Making a business case for your food facility expansion

From recipe development in your own kitchen through scale-up in a commercial space to large-scale production in a manufacturing facility, growth is the goal for food manufacturing companies.

You hope a day will come when consumer demands outweigh your facility’s production capabilities. At that critical inflection point, you have an extremely important decision to make regarding how you will change your operations to respond. Your best option might be to modify your existing facility or operations to increase production capacity. Alternatively, your situation might require undertaking an expansion. But expansions can be costly. Will the returns justify the investment?

Every case is different, but there are consistent criteria you can use to evaluate your unique situation and determine the best course of action for you. This is where developing a business case can help you decide. Consider all options when making a business case for your expansion, including the option to reconfigure or repurpose your existing facility. Will your current process and capacities support your short- and long-term needs? Due diligence and careful planning will result in a business case to support your goals and provide the greatest return on investment.

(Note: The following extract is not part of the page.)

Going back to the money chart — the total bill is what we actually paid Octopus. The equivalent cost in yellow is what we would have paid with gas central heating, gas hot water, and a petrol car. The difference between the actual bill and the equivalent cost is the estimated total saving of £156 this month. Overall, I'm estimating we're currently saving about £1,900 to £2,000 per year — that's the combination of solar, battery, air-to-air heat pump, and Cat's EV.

Gather fundamental data to build a case

Your data needs will vary based on the type of business case you are trying to build. Greenfields, retrofits, new equipment, etc. each comes with its own unique data requirements. However, when it comes to developing a business case for expansion, some of the typical information artifacts you will want to gather include:

  • Throughput: What is your current throughput? What should your throughput rate be to meet your target demands? Do you want to make this in-house or would buying be a more attractive option?
  • Headcount: How will you plan to grow over the next 5, 10, 15 years? Which department is expected to experience the largest growth over this planning horizon? Does your current facility support this growth?
  • Equipment: Is your facility equipped to handle an increase in demand? Do you have the right or best-in-class technology/platform? Where and when would automation make sense?
  • Utilities: Are the utilities in your facility able to handle additional equipment? Increased headcount?
  • Storage needs:  Do we store all material in-house? Can we use third-party logistics (3PL) for our storage and logistical needs?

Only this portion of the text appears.